No entanto, a maioria absoluta, para inverter a abordagem do documentário de Leon Hirszman, tem um dispositivo eletrônico nas mãos. Na vida de mais de 80% dos brasileiros, pelos dados recentes do mesmo IBGE, o celular está lá, a cumprir seu múltiplo papel de informar, educar e entreter. Com que conteúdo? Eis a questão. Com que autonomia de opinião por parte dos sujeitos que são bombardeados por todo tipo de informação? Eis o nó. Se a televisão era o grande vilão há algumas décadas com seu fascínio e manipulação de corações e mentes, hoje ela reduziu de tamanho, ficou mais potente e foi parar no bolso das pessoas.
Antônio Candido, grande estudioso da sociedade e da literatura no Brasil, defendia que ela, a literatura, é um direito. A obviedade aparente de tal posição é contrastada pela realidade brasileira, no qual predominou, por longos séculos, baixíssimo nível de acesso a bens culturais como a literatura. E as causas são muitas: do ponto de vista estrutural, a debilidade cultural de países de passado colonial se sustenta na falta de meios de difusão como editoras, bibliotecas, revistas, jornais etc. Tais meios existem, de fato, sobretudo após os primeiros esboços de nação pós-independência. Mas não são acessíveis à maioria.
Do ponto de vista da formação social brasileira a coisa ainda fica pior, posto que as classes que nos comandam desde o Império nunca quiseram, de fato, um país, mas sim um parque agrícola-industrial de produção de riquezas, quase sempre para fins de exportação; projeto esse no qual o fomento à vida cultural sequer se configura como relevante.
Nas trilhas de Antônio Candido, saltamos, por assim dizer, de uma fase de predomínio do analfabetismo em nosso passado colonial para a era moderna dos meios de comunicação de massa, em especial a televisão – hoje superada, em grande medida, pelos dispositivos de celulares e redes sociais. Ou seja, não houve a devida mediação que caberia a um sistema educacional organizado e a uma democratização do acesso à leitura e às artes. Manteve-se, portanto, um fosso que separa a maioria da população e uma pequena elite cultural.

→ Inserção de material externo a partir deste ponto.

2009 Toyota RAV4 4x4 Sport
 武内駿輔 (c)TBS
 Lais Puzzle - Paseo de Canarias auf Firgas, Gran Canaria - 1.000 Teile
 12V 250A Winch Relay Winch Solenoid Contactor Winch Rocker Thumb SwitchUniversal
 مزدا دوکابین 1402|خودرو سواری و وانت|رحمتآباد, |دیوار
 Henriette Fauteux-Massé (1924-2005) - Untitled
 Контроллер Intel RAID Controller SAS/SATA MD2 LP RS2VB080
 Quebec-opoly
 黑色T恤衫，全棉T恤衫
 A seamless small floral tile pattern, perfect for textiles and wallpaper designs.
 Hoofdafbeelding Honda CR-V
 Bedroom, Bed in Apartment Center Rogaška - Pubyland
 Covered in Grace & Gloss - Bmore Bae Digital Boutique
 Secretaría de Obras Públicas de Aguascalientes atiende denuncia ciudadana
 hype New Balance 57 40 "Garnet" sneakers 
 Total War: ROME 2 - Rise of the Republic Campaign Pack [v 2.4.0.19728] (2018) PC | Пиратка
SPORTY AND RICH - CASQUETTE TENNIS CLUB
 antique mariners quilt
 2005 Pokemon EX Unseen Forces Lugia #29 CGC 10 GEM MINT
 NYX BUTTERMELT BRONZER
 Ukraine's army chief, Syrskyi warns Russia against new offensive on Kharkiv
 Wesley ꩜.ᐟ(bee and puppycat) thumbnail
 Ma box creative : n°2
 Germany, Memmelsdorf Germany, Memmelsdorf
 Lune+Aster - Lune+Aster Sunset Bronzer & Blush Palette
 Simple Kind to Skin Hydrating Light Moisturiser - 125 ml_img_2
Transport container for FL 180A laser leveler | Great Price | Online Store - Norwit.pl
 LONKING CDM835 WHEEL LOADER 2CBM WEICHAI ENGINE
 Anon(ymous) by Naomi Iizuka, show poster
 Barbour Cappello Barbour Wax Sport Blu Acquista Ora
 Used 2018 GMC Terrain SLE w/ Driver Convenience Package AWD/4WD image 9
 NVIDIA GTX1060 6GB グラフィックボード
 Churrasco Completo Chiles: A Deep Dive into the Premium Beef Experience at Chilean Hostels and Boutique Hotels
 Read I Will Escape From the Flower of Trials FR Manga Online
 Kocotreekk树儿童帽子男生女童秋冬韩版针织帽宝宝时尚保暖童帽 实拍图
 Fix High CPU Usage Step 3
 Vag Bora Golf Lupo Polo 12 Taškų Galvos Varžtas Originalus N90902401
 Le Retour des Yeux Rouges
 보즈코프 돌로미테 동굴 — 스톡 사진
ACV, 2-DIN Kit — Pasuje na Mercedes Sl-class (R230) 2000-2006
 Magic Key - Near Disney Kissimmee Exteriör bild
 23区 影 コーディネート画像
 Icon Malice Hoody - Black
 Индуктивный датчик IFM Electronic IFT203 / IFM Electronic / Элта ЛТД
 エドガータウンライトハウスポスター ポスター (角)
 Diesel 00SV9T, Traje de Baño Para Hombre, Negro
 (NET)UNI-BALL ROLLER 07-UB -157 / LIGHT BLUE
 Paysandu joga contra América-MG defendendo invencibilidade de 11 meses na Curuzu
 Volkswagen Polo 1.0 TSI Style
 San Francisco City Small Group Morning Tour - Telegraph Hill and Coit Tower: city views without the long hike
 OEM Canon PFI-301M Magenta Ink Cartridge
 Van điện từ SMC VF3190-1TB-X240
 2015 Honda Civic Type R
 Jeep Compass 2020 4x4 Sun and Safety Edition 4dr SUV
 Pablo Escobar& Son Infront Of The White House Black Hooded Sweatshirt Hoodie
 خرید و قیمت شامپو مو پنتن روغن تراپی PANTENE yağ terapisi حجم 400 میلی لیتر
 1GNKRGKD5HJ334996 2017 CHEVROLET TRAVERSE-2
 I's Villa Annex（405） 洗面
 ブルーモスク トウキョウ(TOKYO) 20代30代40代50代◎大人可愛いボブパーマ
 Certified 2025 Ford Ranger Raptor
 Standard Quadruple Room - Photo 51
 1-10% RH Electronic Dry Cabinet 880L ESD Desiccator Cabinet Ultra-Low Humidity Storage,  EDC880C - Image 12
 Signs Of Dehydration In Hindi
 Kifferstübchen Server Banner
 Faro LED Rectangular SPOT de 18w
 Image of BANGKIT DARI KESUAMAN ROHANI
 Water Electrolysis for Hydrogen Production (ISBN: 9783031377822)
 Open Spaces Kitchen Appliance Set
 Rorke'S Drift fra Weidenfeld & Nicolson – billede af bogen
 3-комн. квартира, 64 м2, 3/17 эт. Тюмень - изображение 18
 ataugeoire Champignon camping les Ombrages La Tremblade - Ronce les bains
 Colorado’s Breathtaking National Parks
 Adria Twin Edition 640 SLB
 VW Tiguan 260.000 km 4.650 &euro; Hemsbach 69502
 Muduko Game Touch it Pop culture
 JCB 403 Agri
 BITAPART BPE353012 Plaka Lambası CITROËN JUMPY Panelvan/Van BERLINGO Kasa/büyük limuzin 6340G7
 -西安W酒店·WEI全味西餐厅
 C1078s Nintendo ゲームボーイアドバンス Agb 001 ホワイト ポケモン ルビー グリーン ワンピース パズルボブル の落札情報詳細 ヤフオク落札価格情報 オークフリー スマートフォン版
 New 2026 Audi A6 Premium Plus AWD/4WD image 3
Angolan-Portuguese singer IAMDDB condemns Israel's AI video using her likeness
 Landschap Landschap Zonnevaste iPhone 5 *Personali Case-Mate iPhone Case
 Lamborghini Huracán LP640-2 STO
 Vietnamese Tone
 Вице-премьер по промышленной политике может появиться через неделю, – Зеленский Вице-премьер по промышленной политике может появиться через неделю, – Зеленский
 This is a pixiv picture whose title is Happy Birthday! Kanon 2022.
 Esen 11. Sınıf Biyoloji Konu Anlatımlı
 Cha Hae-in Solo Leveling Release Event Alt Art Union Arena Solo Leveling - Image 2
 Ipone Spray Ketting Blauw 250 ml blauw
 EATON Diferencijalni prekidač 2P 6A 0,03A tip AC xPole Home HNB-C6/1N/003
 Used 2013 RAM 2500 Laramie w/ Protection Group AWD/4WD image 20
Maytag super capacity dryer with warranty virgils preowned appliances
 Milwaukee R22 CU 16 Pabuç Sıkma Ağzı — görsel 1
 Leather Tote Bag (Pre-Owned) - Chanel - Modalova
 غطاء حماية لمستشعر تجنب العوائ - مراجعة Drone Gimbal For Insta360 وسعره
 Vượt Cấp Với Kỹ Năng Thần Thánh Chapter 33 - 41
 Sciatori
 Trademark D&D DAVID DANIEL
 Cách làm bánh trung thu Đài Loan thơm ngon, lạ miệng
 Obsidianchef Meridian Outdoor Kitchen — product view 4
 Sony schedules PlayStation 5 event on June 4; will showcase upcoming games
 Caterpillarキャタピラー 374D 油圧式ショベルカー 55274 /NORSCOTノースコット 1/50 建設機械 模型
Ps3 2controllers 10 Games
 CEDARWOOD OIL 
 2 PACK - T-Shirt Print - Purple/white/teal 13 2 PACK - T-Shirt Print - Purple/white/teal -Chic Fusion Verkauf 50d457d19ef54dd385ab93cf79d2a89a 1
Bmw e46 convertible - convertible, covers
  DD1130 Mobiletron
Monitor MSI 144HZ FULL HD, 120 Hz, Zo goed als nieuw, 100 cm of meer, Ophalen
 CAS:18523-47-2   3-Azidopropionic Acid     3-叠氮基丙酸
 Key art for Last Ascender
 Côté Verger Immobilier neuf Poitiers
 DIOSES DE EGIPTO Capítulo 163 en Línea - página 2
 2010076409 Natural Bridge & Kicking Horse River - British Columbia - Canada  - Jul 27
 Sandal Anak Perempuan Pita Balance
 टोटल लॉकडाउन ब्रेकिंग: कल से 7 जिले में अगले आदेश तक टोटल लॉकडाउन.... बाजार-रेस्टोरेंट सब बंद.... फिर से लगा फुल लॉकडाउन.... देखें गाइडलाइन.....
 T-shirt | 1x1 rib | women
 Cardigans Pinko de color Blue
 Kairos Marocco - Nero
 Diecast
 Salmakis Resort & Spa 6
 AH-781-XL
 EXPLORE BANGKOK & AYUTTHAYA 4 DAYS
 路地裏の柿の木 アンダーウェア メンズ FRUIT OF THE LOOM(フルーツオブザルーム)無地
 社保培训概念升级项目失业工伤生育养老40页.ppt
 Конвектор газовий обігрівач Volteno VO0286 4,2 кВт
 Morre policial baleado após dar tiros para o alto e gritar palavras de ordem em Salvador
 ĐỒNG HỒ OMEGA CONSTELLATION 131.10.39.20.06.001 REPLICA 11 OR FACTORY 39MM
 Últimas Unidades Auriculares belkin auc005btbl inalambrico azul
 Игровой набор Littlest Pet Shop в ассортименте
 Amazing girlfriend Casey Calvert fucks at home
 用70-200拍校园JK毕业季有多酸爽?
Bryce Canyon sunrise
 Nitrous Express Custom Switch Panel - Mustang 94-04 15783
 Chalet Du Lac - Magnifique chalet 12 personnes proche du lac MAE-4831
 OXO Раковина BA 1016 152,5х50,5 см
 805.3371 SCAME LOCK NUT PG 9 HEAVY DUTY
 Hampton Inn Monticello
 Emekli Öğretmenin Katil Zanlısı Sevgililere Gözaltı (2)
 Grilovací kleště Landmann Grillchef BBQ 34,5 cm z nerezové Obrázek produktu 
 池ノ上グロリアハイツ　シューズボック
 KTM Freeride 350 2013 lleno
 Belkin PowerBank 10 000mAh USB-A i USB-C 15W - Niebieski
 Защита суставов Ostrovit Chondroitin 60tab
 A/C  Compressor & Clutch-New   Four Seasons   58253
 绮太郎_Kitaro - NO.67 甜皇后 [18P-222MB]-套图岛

É certo que mudanças houve significativas, sobretudo na expansão do ensino. Mas ainda é pouco. Pelos dados mais recentes, pouco mais da metade da população acima de 25 anos completou o ensino básico; o funil permanece, já que a evasão no ensino médio é grande e o total que completa o ensino superior não chega a 20%. A isso se junta o já referido analfabetismo funcional. Era boa a formulação de Monteiro Lobato segundo a qual um país se faz de pessoas e livros; nós os temos, o difícil é juntá-los.
Enquanto permanecemos um país da gambiarra, que não universaliza os direitos sociais, a leitura fica à espera, sequestrada. Com isso, recordando uma vez mais Antônio Candido, permanece também atrofiada a função da literatura como forma de conhecimento e o seu papel humanizador de organização de significado do mundo e da vida, de expressão e canalização das emoções de indivíduos e grupos. Tudo isso fica adiado para quando, de fato, formos um povo que lê.
Por ora, formamo-nos por memes, áudios e vídeos questionáveis que nos chegam a toda hora, mensagens vagas que pouco distinguem verdade e falsidade – repetindo sempre, refletindo pouco. Fosse outro o nosso processo histórico educativo-cultural tais fenômenos não seriam problema, pois teríamos elementos consolidados para questioná-los e selecionar o que vale, e, o que não vale. A prática de leitura de romances, poesias e contos não salvaria o país, por certo, mas nos ajudaria a criar bagagem mínima. Na ausência de leitura, a maioria absoluta segue, para usar uma expressão de nossos dias, sem filtro.